Background information
- Birth name: Oscar Cadena
- Born: September 26, 1924 Oklahoma City, Oklahoma, U.S.
- Died: April 9, 2008 (aged 83) Torrance, California, U.S.
- Genres: Jazz music
- Instrument: Record producer
- Years active: 1950s–70s
- Labels: Savoy Records

= Ozzie Cadena =

American record producer

Oscar "Ozzie" Cadena (September 26, 1924 – April 9, 2008) was an American record producer with Savoy Records and Prestige Records who recorded gospel and jazz music in the 1950s, 1960s and 1970s, and helped popularize jazz music in Los Angeles.

==Background==
Cadena was born in Oklahoma City on September 26, 1924, and moved as a child to Newark, New Jersey. As a youth, he would visit African-American churches and travel to Harlem to listen to the music. He enlisted in the United States Marine Corps and served for four years in the South Pacific during World War II.

He worked at Newark's Radio Record Shop, whose owner Herman Lubinsky also owned Savoy Records. Cadena became a producer and A&R scout from 1954 to 1959 after his first sessions, in which he recorded trombonists J. J. Johnson and Kai Winding in the first album of a lengthy collaboration; Cadena had first spoken to Johnson about a duo with Bennie Green which led to a duo after all, but with Winding as his partner. Together with drummer Kenny Clarke, Cadena arranged series of one-time recordings with groups of musicians, recorded at recording engineer Rudy Van Gelder's studio in Hackensack, New Jersey. His recordings at Savoy included work of artists Cannonball Adderley, Shirley Caesar, John Lee Hooker, Milt Jackson, Yusef Lateef, Charles Mingus, Esther Phillips, Jimmy Scott and Marion Williams.

Cadena owned a record store in New Brunswick, New Jersey, and another in Newark that would feature jam sessions, and also established the recording label Choice Records. He went to Prestige Records in October 1962 as head of A&R, replacing Esmond Edwards, who left to take a similar position developing jazz artists at the Argo Records label of Chess Records. At Prestige he was responsible for overseeing the production and release of soul jazz and other records by artists including Red Holloway, Jack McDuff and Shirley Scott.

After relocating to the West Coast, and settling in Hermosa Beach, California, in the mid-1970s, Cadena promoted jazz in the LA area at such clubs as the Lighthouse Café in Hermosa Beach and other influential area clubs.

==Death==
A resident of Redondo Beach, California, Cadena died at the age of 83 on April 9, 2008, at Little Company of Mary Hospital in Torrance, California, due to pneumonia.
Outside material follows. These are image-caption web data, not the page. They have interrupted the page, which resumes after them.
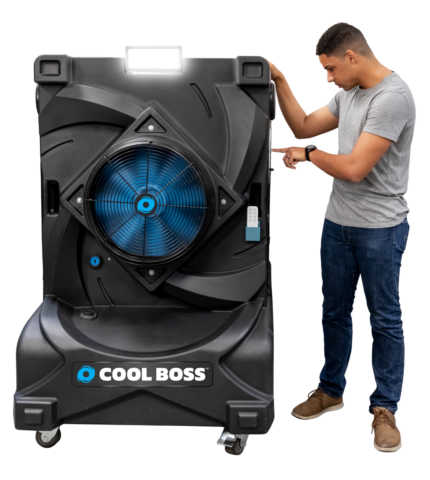 Cool Boss CB-16L Evaporative Cooler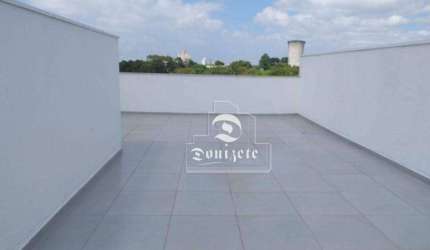 Cobertura com 2 dormitórios à venda, 120 m² por R$ 489.999,90 - Vila Guiomar - Santo André/SP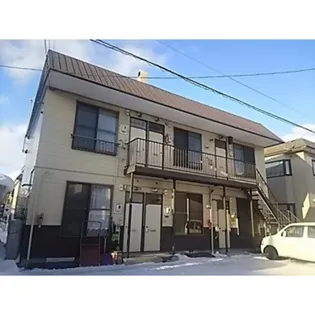 コーポ港【2階】の外観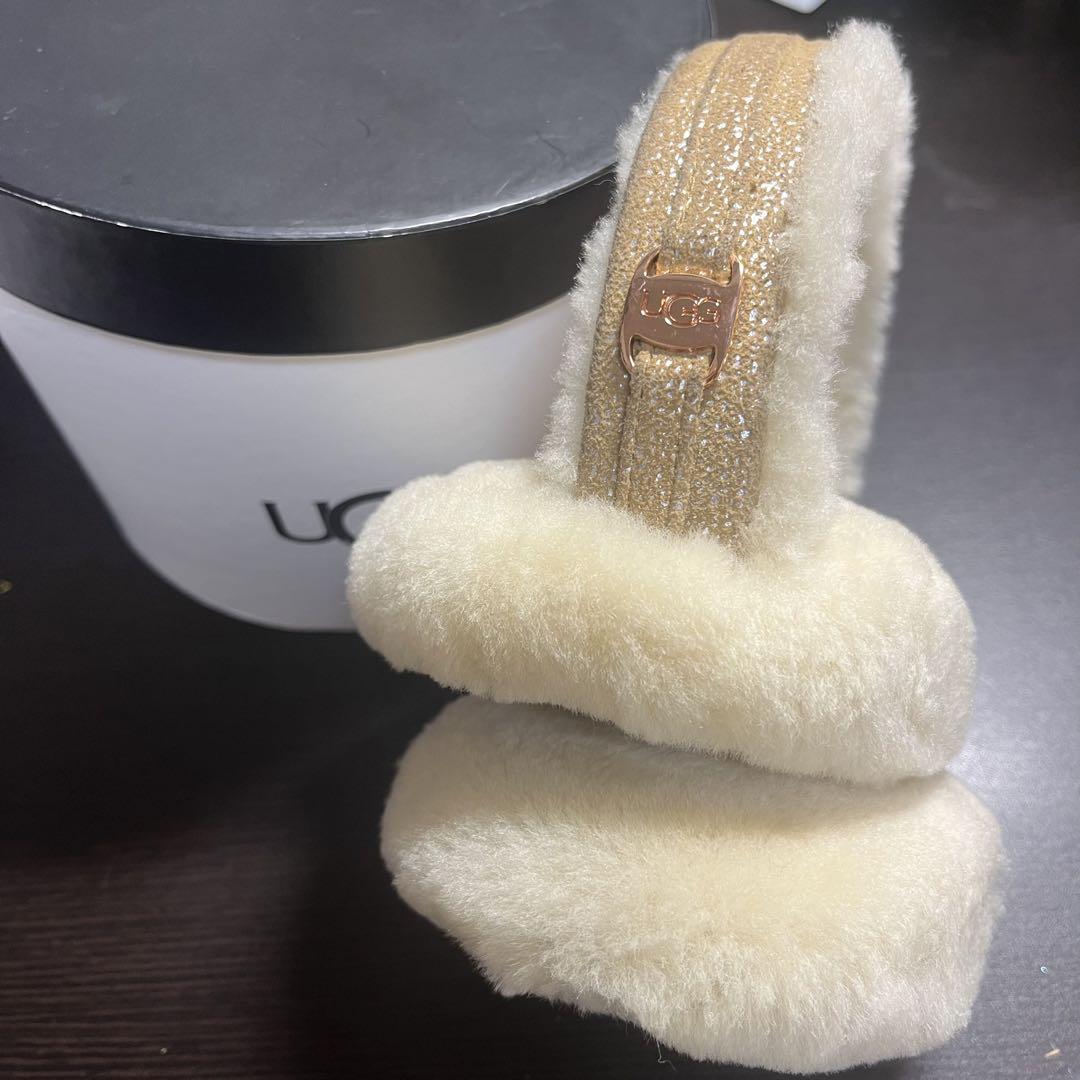 UGG アグ　イヤーマフ　耳当て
He had suffered a stroke in 2007. He was survived by his wife, daughter, two sons, and two grandsons. His son, Dez Cadena, is a singer and guitarist who performed with the hardcore punk band Black Flag and later played guitar with the Misfits. His grandson, Kyle Cadena, is a guitarist who performed with Bernie Worrell, keyboardist for P-Funk and Talking Heads, in the Bernie Worrell Orchestra.